##### Information provided #####

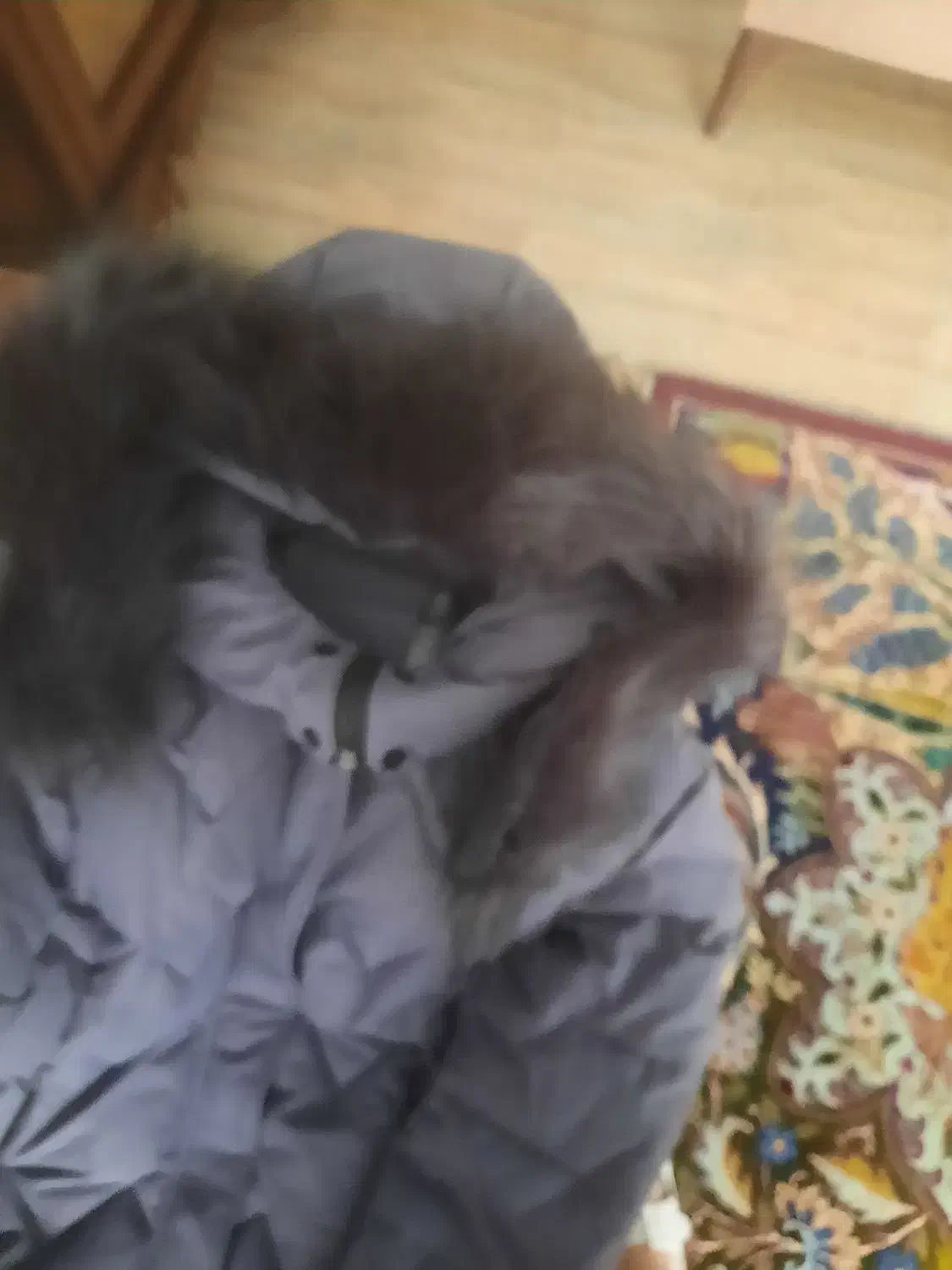 لباس|لباس|میانه, |دیوار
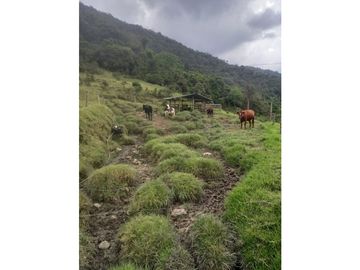 FINCA PRODUCTIVA EN VENTA TENERIFE EL CERRITO VALLE  254 Hectáreas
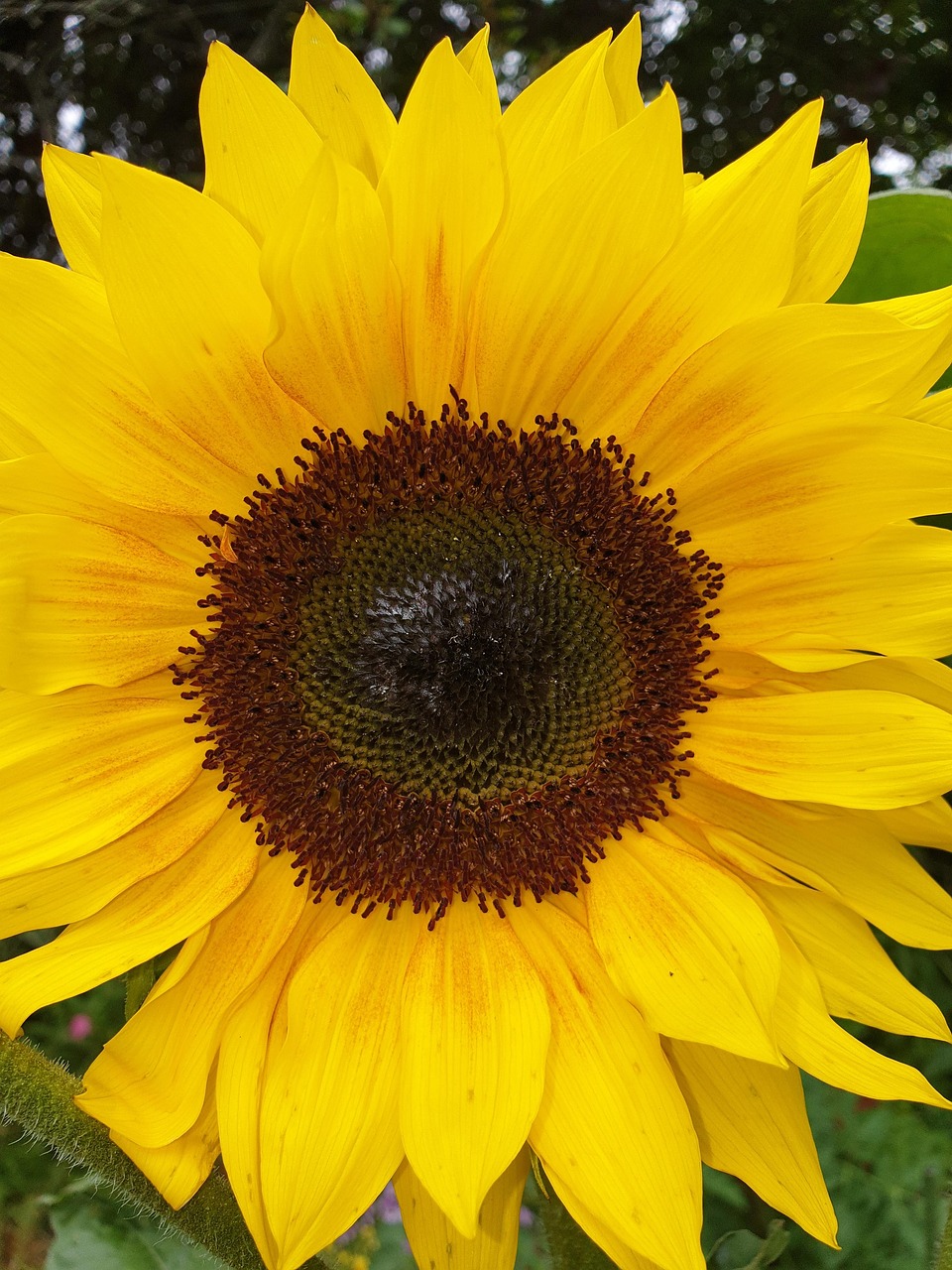 Sonnenblume Sunflower Blume - Kostenloses Foto auf Pixabay - Pixabay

#####

* **Problem details**: Restate every line of the data above word for word, with the images removed.

* **Result**:
 لباس|لباس|میانه, |دیوار
 FINCA PRODUCTIVA EN VENTA TENERIFE EL CERRITO VALLE  254 Hectáreas
 Sonnenblume Sunflower Blume - Kostenloses Foto auf Pixabay - Pixabay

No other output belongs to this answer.